Quasi sempre impunite, le violenze fasciste trovavano una sponda nel sostegno delle forze dell’ordine. Nonostante degli episodi di resistenza da parte dei carabinieri – che uccidevano ad esempio il segretario politico di un fascio mantovano colpevole di non essersi fermato all’alt mentre si trovava a bordo di un camion – spesso l’uso della forza da parte degli squadristi andava a braccetto con quella dell’Arma – e viceversa.
Il giorno 25, due carabinieri venivano alle mani con un diciottenne di Pergola, in provincia di Pesaro. Il giovane, figlio di un oste socialista, reagiva sfoderando il fucile e ferendo mortalmente un militare. Il commilitone, da parte sua, apriva il fuoco contro il padre del ragazzo, intervenuto per sedare gli animi. L’episodio provocava a quel punto la reazione fascista, che già l’indomani occupava il paese grazie all’afflusso corposo di camicie nere del Perugino e dell’Anconetano.
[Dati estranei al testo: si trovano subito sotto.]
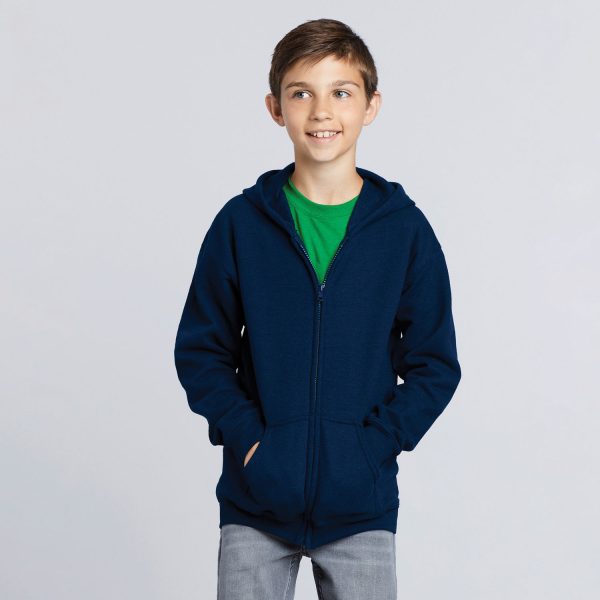 Gildan Heavy Blend Youth Full Zip Hooded Sweatshir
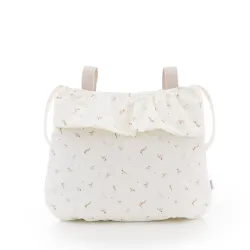 Bolso Maternal Boho Bruca Rosa 3.5X41X38.5Cm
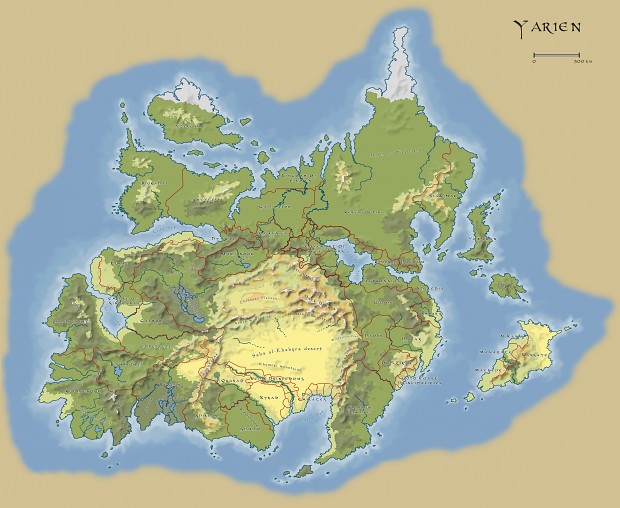 Yarien - Continental Map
Un ultimo episodio merita infine d’essere raccontato, a testimonianza della varietà presente anche nel mondo squadristico e della complessità di quegli anni. Il giorno 8 giugno, il prefetto di Venezia scioglieva d’imperio la struttura parallela di “azione antisovversiva” dei Cavalieri della Morte. L’organizzazione, fondata dal fascista dissidente Gino Covre, cacciato dal fascio per disonestà, era stata al centro in quei giorni di scontri con le guardie regie, in cui aveva perso la vita uno di loro. Trafugata la salma dal cimitero cittadino, il cadavere veniva esposto avvolto in un tricolore nella sede del movimento.